- **DATA EXTRACT**
↓

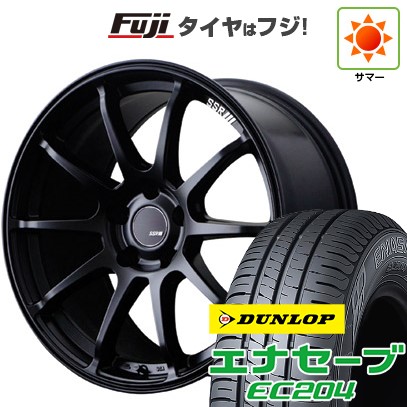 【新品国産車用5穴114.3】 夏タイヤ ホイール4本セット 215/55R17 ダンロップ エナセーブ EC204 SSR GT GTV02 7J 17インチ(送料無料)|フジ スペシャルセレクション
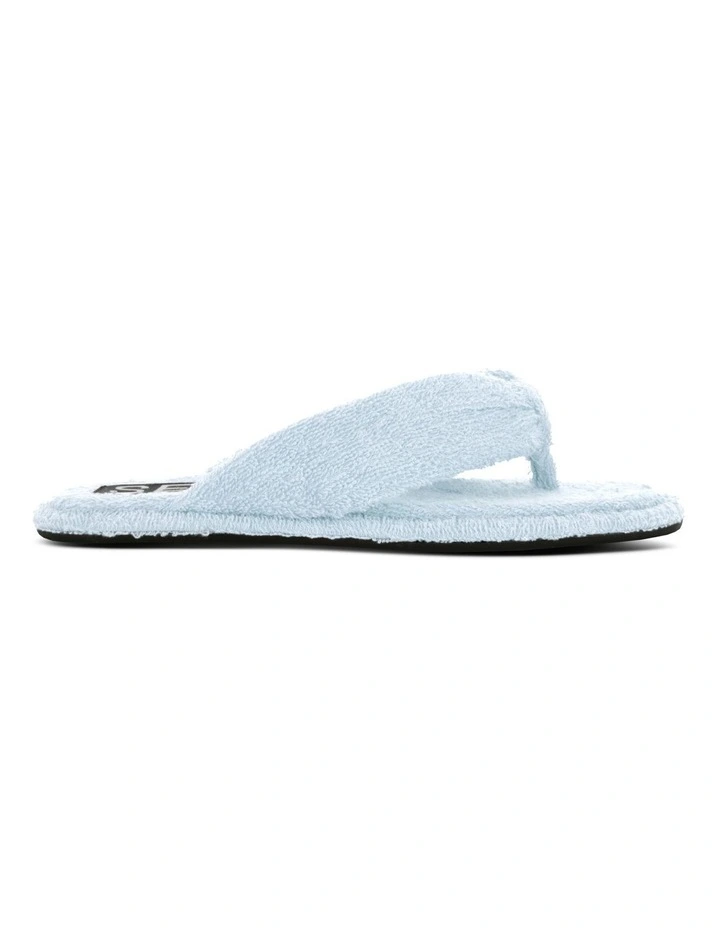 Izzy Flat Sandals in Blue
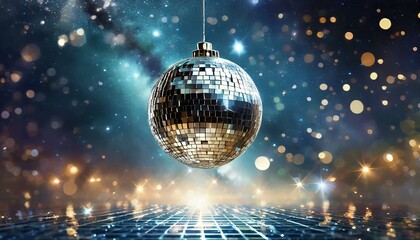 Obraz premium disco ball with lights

↑

- **WHAT YOU WILL DO**
Please write out the material from the line containing "Izzy Flat Sandals in Blue" to its final line, both inclusive, exactly as it appears; pictures are not part of the copy.

- **RESPONSE TO THIS EXERCISE**
 Izzy Flat Sandals in Blue
 Obraz premium disco ball with lights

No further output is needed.